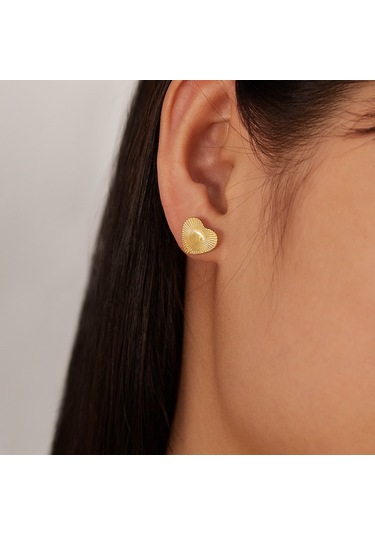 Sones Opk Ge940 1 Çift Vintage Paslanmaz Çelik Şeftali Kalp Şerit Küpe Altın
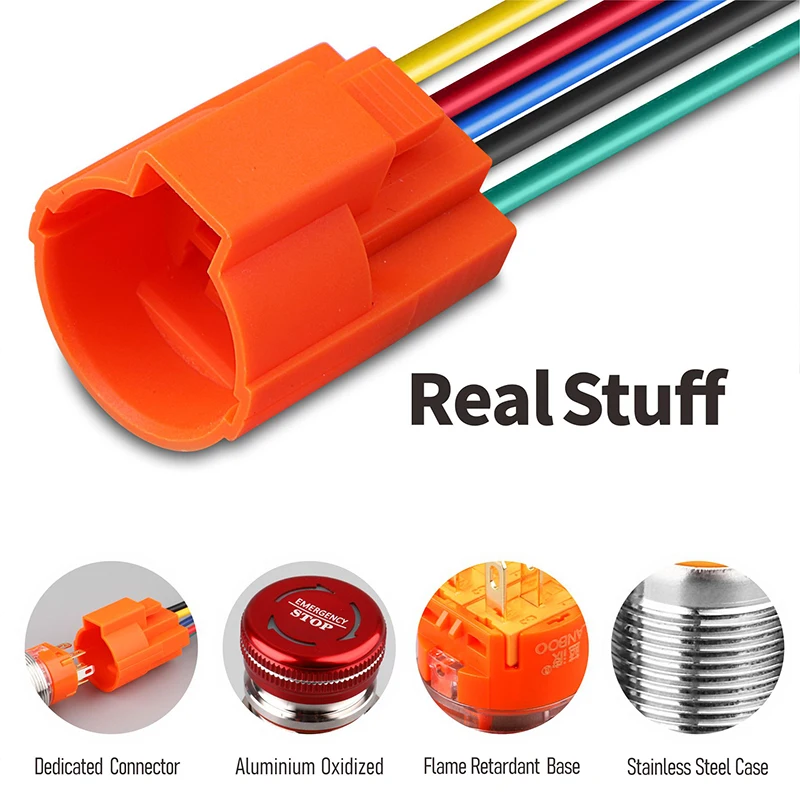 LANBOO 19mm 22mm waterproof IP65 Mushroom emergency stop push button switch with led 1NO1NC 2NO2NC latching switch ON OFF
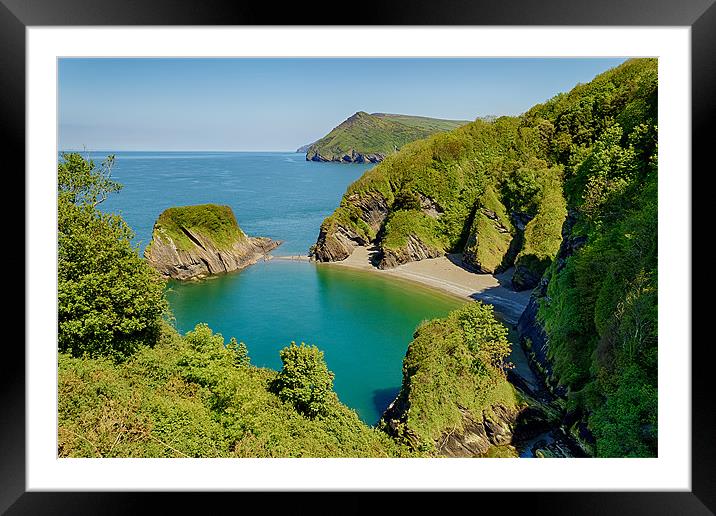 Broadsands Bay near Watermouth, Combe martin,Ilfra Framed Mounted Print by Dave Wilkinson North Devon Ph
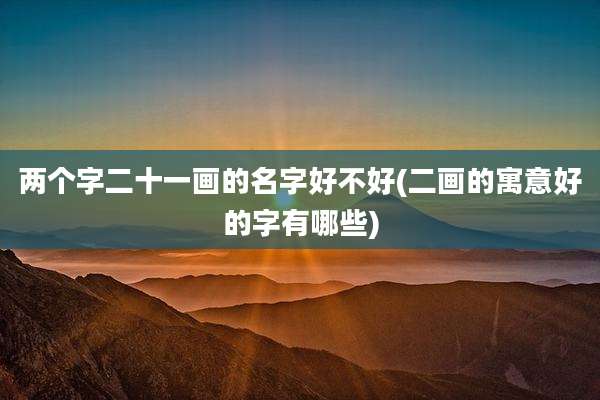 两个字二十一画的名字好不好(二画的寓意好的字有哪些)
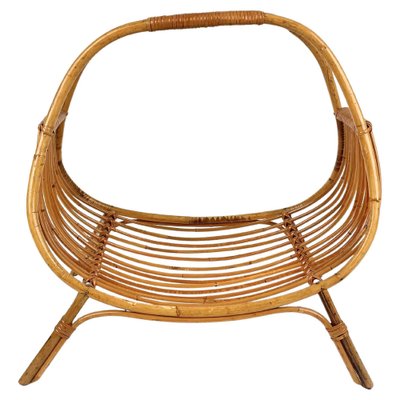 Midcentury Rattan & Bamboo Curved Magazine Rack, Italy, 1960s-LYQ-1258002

> **TASK DESCRIPTION**: Produce the entries above once more, exactly as given, with each picture left out.

> **SOLUTION FOR THIS PROBLEM**:
 Sones Opk Ge940 1 Çift Vintage Paslanmaz Çelik Şeftali Kalp Şerit Küpe Altın
 LANBOO 19mm 22mm waterproof IP65 Mushroom emergency stop push button switch with led 1NO1NC 2NO2NC latching switch ON OFF
 Broadsands Bay near Watermouth, Combe martin,Ilfra Framed Mounted Print by Dave Wilkinson North Devon Ph
 两个字二十一画的名字好不好(二画的寓意好的字有哪些)
 Midcentury Rattan & Bamboo Curved Magazine Rack, Italy, 1960s-LYQ-1258002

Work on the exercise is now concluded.